Note: The JGloss-WWW servlet is not installed on this server.

Entering a URL

Example Form

<form action="jgloss-www" method="get">
<p>
URL: <input type="text" name="jgurl" size="80"> <input type="submit" value="Go!"><br><br>
<input type="checkbox" name="jgforwardcookies" value="true">forward cookies<br>
<input type="checkbox" name="jgforwardforms" value="true">forward form data<br>
</p>
</form>

URL format

The CGI query parameters will be converted by the servlet to a URL of the form path to servlet/flags/base url. There are two flags: forward cookies and forward form data. A "1" means that the feature is enabled, a "0" disables it. The base URL points to the document on the remote server which should be forwarded and possibly rewritten by JGloss-WWW. The URL is escaped by replacing all special characters with a '_' followed by the hexadecimal character code. (The standard '%' escaping mechanism is not used because the URL may or may not be unescaped by the servlet container before it is passed to the servlet).

Instead of using CGI query parameters, the generated URL can be used directly to access the remote document through JGloss-WWW. The following form does the URL encoding/decoding via JavaScript. The JavaScript source is here.

URL-Converter

Example form:

<form name="urlconverter" action="" onSubmit="return false">
<p>
JGloss-WWW URL: <br><input type="text" name="jglossurl" size="80">
          <input type="button" value="Convert" onClick="jglossToBase()"> <br>
Base URL: <br><input type="text" name="baseurl" size="80">
          <input type="button" value="Convert" 
                 onClick="baseToJGloss()"> <br>
<input type="checkbox" name="forwardcookies">forward cookies<br>
<input type="checkbox" name="forwardformdata">forward form data<br>
</p>
</form>

Cookie forwarding

JGloss-WWW can forward cookies from client to remote server and back. This feature has to be enabled globally on the JGloss-WWW server by setting the initialization parameters in web.xml, and can be disabled/enabled on a per-connection basis by setting the forward cookies flag.
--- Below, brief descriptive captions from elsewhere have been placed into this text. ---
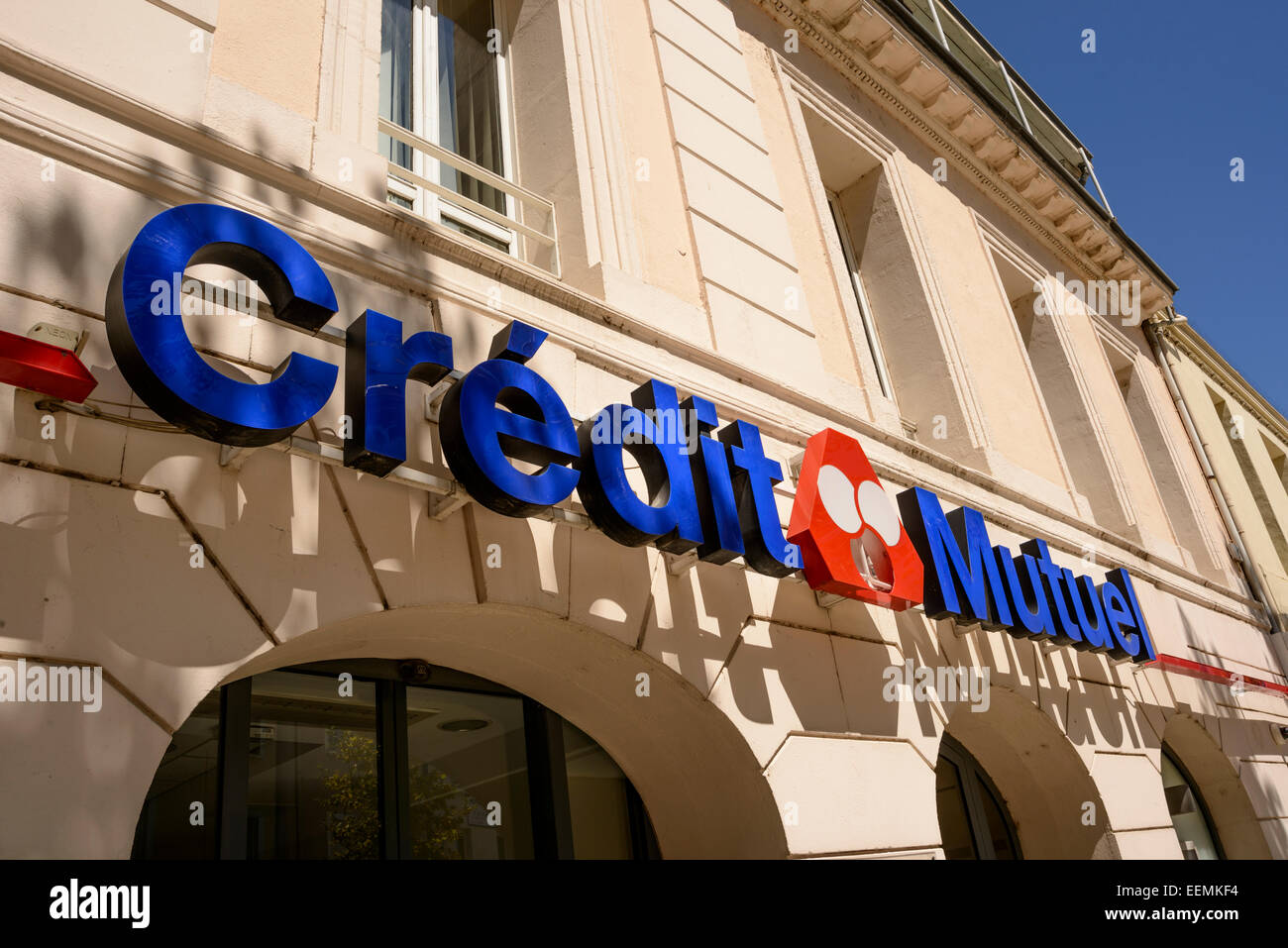 Le Crédit Mutuel est une grande banque française. Banque D'Images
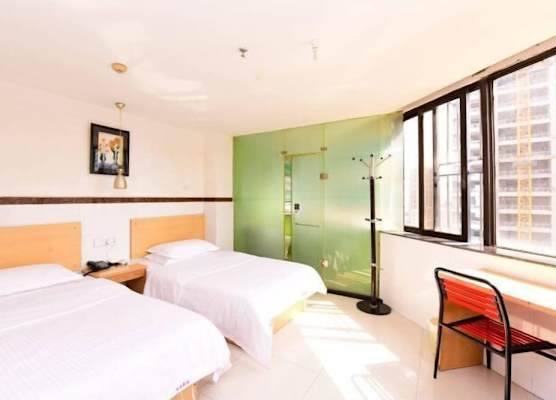 Xiangpeng Hotel 1
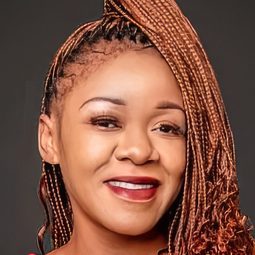 Elizabeth Chisela 飾演 Nsansa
For cookie forwarding to work, the cookie has to be encapsulated when sent to the user. When the remote server wants to set a cookie, the domain, path and portlist attributes of the cookie are added to the cookie name in the form domain|path|portlist|original name, and are changed to the JGloss-WWW server specific values. Since on the client side all cookies set while browsing through JGloss-WWW originate from the JGloss-WWW server, the usual client mechanism of filtering cookies based on the original domain is not possible. The servlet does however implement the basic rejection criteria described in RFC2965.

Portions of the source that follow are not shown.